Short web captions
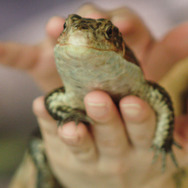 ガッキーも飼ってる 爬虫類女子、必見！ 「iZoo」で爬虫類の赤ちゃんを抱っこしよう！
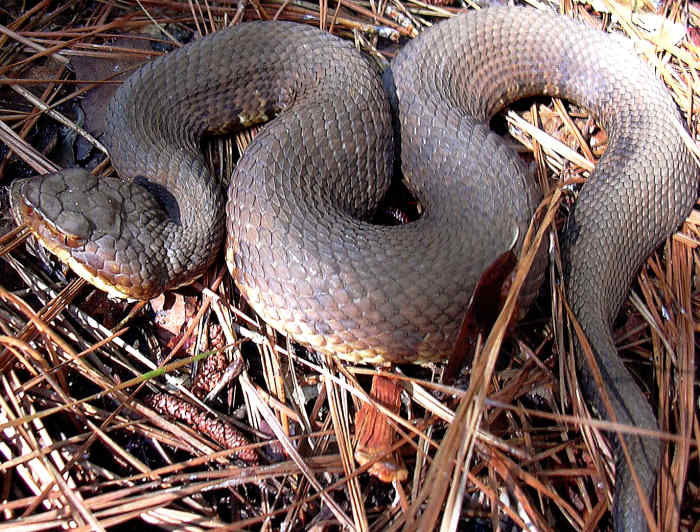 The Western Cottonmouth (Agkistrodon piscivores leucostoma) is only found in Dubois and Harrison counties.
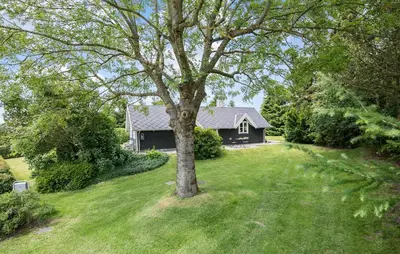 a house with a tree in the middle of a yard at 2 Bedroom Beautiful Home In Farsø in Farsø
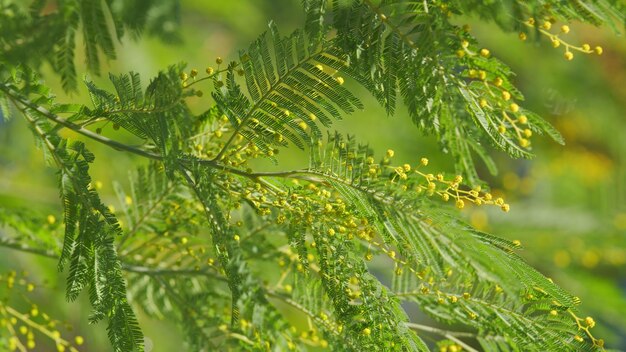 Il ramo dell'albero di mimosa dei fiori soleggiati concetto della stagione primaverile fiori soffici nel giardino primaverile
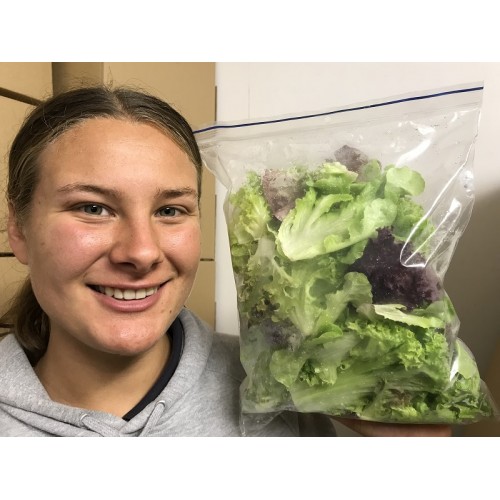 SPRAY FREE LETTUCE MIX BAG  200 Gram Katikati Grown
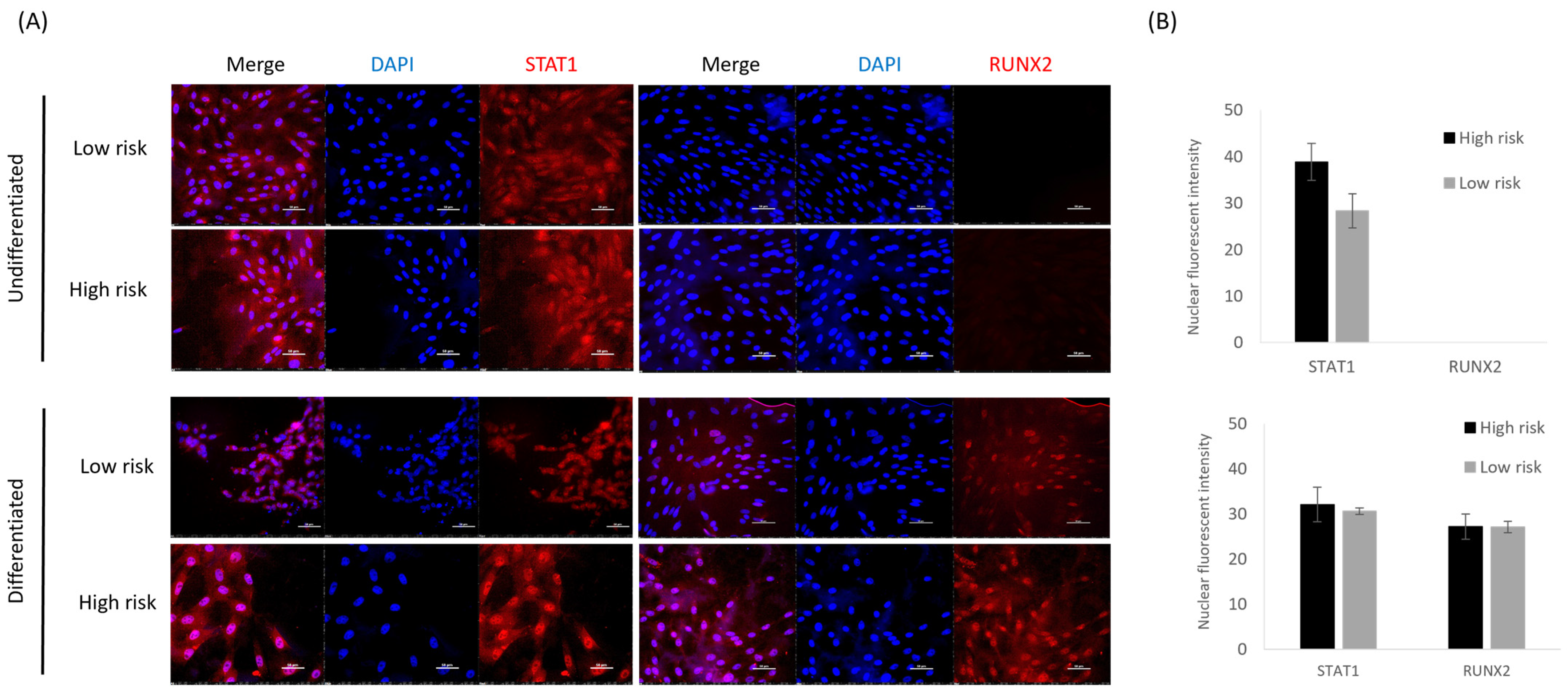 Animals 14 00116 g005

Task directions →
The answer must be the lines of the entries above, written out exactly from the first through the one with "Il ramo dell'albero", and no pictures.

Problem solution →
 ガッキーも飼ってる 爬虫類女子、必見！ 「iZoo」で爬虫類の赤ちゃんを抱っこしよう！
 The Western Cottonmouth (Agkistrodon piscivores leucostoma) is only found in Dubois and Harrison counties.
 a house with a tree in the middle of a yard at 2 Bedroom Beautiful Home In Farsø in Farsø
 Il ramo dell'albero di mimosa dei fiori soleggiati concetto della stagione primaverile fiori soffici nel giardino primaverile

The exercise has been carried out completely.